## WHAT TO DO:
Nothing but the lines from the start of the data through the line with "En esta obra" should appear in the answer, each retyped exactly, and pictures should not.

## RAW DATA:

•••••

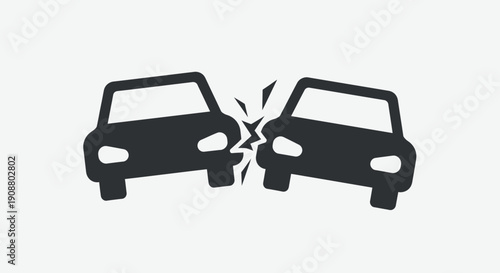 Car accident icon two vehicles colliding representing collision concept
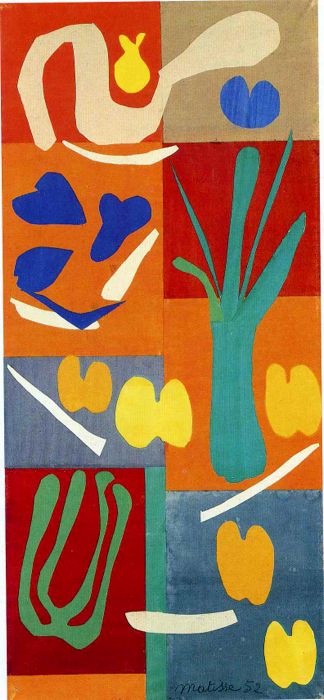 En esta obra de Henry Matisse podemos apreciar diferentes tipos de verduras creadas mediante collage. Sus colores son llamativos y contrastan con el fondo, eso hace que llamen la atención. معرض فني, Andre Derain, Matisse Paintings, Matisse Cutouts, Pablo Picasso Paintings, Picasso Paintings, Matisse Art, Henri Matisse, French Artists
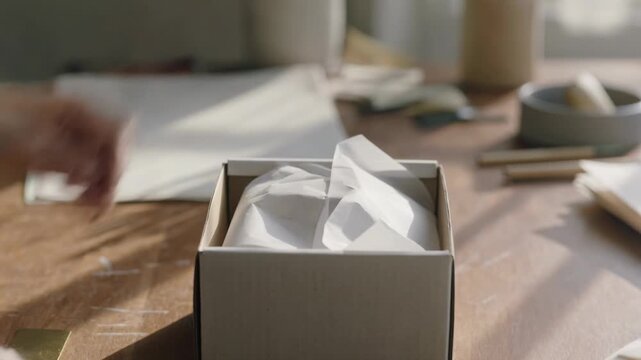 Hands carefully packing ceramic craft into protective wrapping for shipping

•••••

## ANSWER FOR THE TASK:
 Car accident icon two vehicles colliding representing collision concept
 En esta obra de Henry Matisse podemos apreciar diferentes tipos de verduras creadas mediante collage. Sus colores son llamativos y contrastan con el fondo, eso hace que llamen la atención. معرض فني, Andre Derain, Matisse Paintings, Matisse Cutouts, Pablo Picasso Paintings, Picasso Paintings, Matisse Art, Henri Matisse, French Artists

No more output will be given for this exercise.